COBERTURA ELEIÇÕES: Forças Armadas atuam em 498 cidades nas eleições, diz ministro

Segundo ele, seis municípios da Paraíba foram adicionados à lista na manhã deste domingo. Com isso, o número de cidades atendidas já é superior ao das eleições municipais de 2012, quando 477 cidades necessitaram do reforço das Forças Armadas.

A segurança no pleito tem sido uma preocupação das autoridades nos últimos dias. A reta final da campanha eleitoral teve registro de ataques a candidatos em pelo menos 12 estados. Em Itumbiara (GO), um candidato à prefeitura foi morto a tiros durante uma carreata. No Maranhão, estado que recebeu no sábado (2) a visita do presidente do Tribunal Superior Eleitoral (TSE), Gilmar Mendes, sete colégios eleitorais foram atacados entre quinta-feira (29) e este domingo.

De acordo com Jungmann 25,4 mil militares foram convocados para atuar nas eleições. Foram deslocados 1.252 carros, 30 aeronaves e 91 embarcações.

O ministro também informou que, até as 11h, não havia nenhum registro de violência ou incidente nos locais de votação atendidos pelas Forças Armadas.

“Eu quero dizer a todos que, afora as tentativas abortadas no caso de São Luis, na madrugada, não há registro de nenhuma outra alteração, intranquilidade, insegurança ou impeditivo para que, nesses locais, a votação não transcorra com paz e tranquilidade”, declarou o Jungmann.

Os militares são enviados pelas Forças Armadas após solicitação do juiz eleitoral da região. O pedido é processado pelo Tribunal Regional Eleitoral (TRE) e pelo Tribunal Superior Eleitoral (TSE), que analisam os motivos do requerimento e a necessidade desse reforço. Questionado, o ministro não soube dizer quais as principais razões para essa intervenção.

Até a manhã deste domingo, o Rio Grande do Norte era o estado com mais cidades que pediram reforço de segurança para Forças Armadas, 87 ao todo. O Pará tem 70 cidades com reforço e o Maranhão tem 52. O Rio de Janeiro é o estado com o maior número de militares mobilizados para a eleição, 6,5 mil, “em razão das características do estado”, segundo Jungmann.

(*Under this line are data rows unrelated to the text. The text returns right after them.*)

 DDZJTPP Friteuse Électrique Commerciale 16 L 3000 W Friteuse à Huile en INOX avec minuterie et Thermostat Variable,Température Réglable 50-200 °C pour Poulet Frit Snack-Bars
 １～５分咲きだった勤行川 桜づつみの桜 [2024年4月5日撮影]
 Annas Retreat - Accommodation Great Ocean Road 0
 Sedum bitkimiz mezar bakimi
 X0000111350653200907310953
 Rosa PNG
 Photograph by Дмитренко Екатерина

Pará e Amazonas foram os estados com cidades que mais pediram reforço dos militares para auxílio na lógística, como fazer o transporte de urnas para regiões mais afastadas.

‘Quadro de paz’
Pela manhã, o presidente do Tribunal Superior Eleitoral (TSE), ministro Gilmar Mendes, afirmou que as primeiras horas de votação foram tranquilas. Segundo ele, os casos de violência registrados tinham sido pontuais e solucionados com o apoio das forças de segurança.

“A votação está ocorrendo num quadro de paz. Quanto aos incidentes graves, demos as respostas adequadas com as forças de segurança estaduais juntamente com a força federal, que estão atuando onde foi necessária uma ação mais ostensiva”, disse o ministro.